(Exercise directions) Repeat every record below exactly, omitting any pictures.

(Data to examine)
★ ★ ★ ★ ★

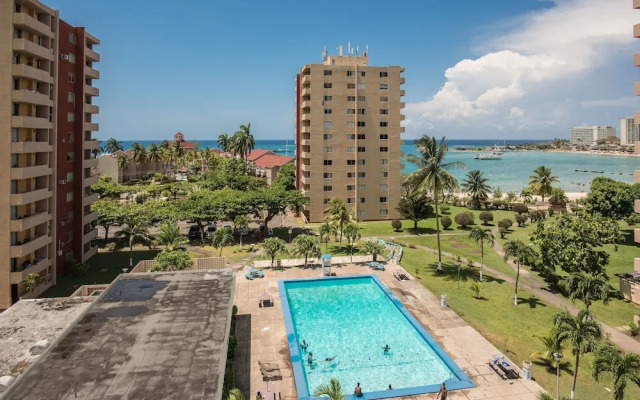 Turtle Towers Apartments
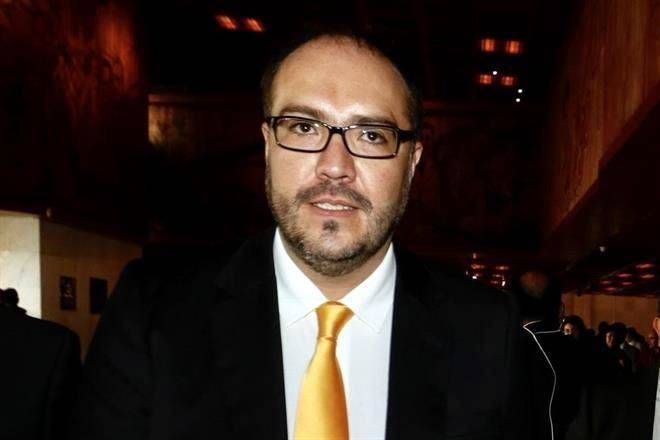 Frenan proceso de desafuero de Mauricio Toledo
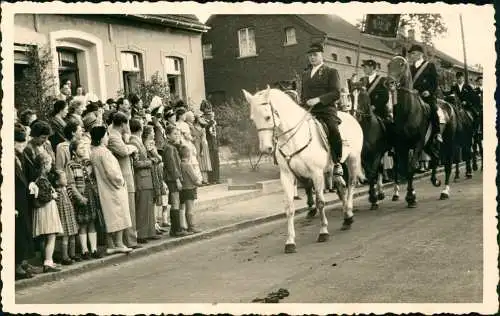 Köln Schützenverein Umzug mit Pferd und Banner 1965 Privatfoto Foto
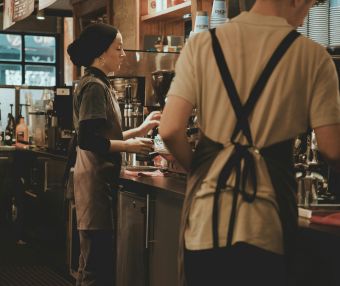 Why working without a contract is a bad idea – for employees and employers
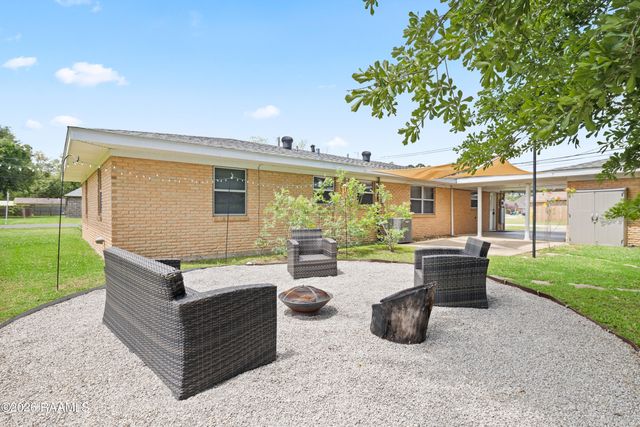 216 Begnaud Drive, Lafayette, LA 70501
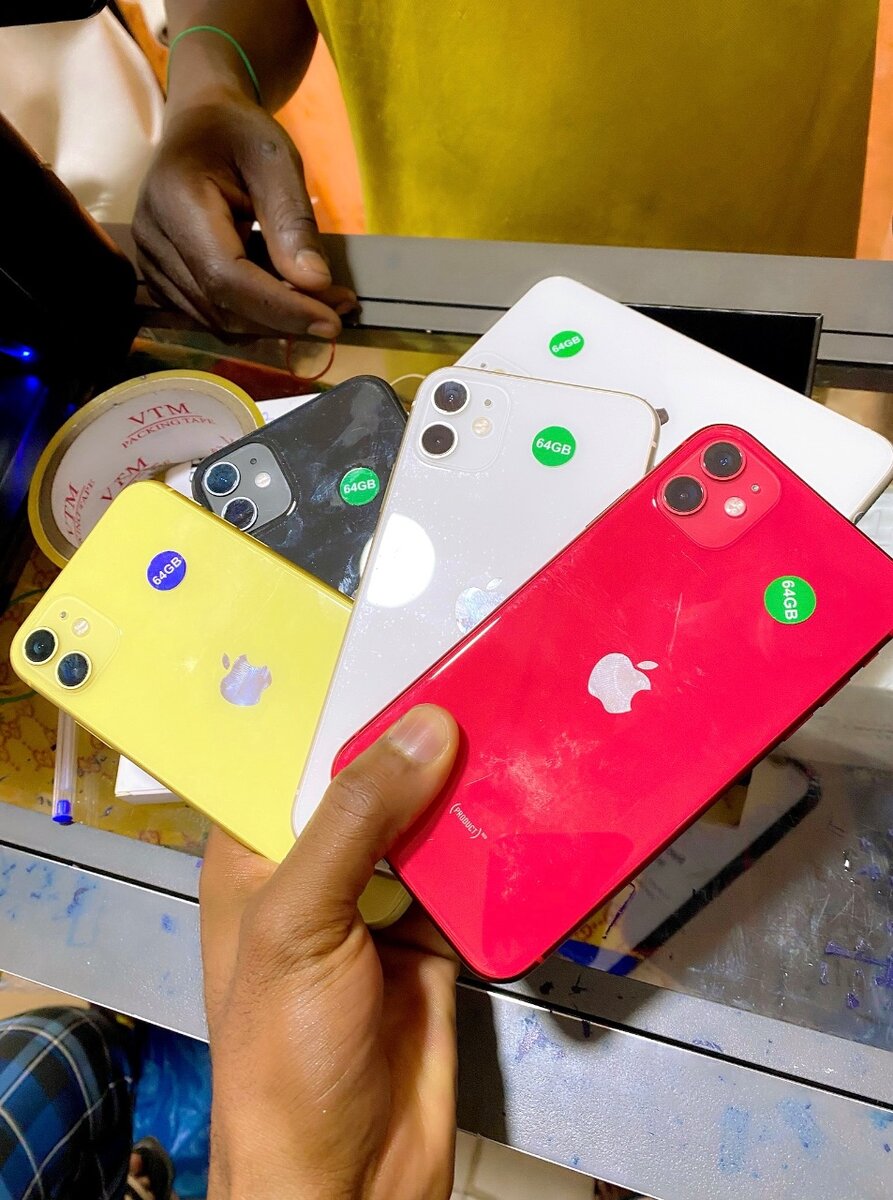 iPhone 11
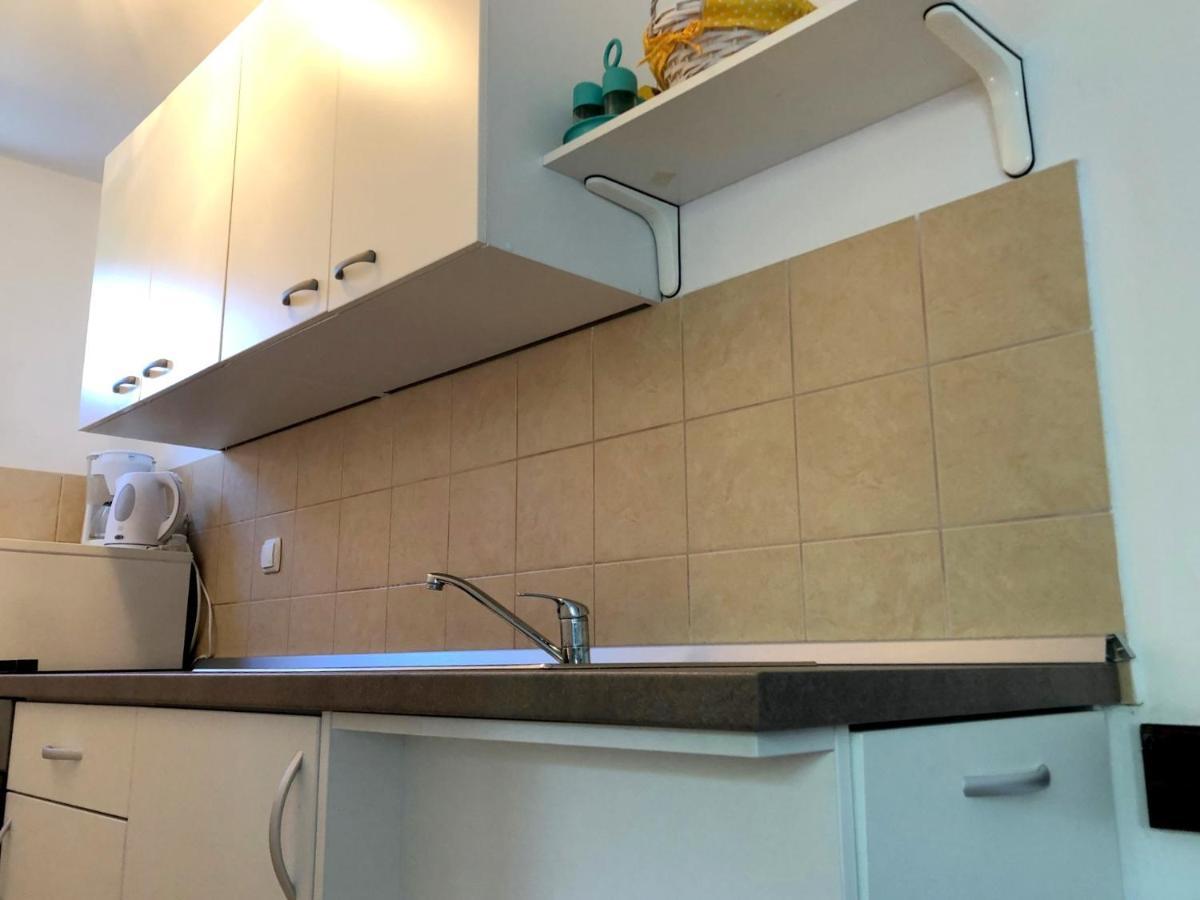 Miramar Gardenn Apartmment Banjol المظهر الخارجي الصورة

★ ★ ★ ★ ★

(Output for this exercise)
 Turtle Towers Apartments
 Frenan proceso de desafuero de Mauricio Toledo
 Köln Schützenverein Umzug mit Pferd und Banner 1965 Privatfoto Foto
 Why working without a contract is a bad idea – for employees and employers
 216 Begnaud Drive, Lafayette, LA 70501
 iPhone 11
 Miramar Gardenn Apartmment Banjol المظهر الخارجي الصورة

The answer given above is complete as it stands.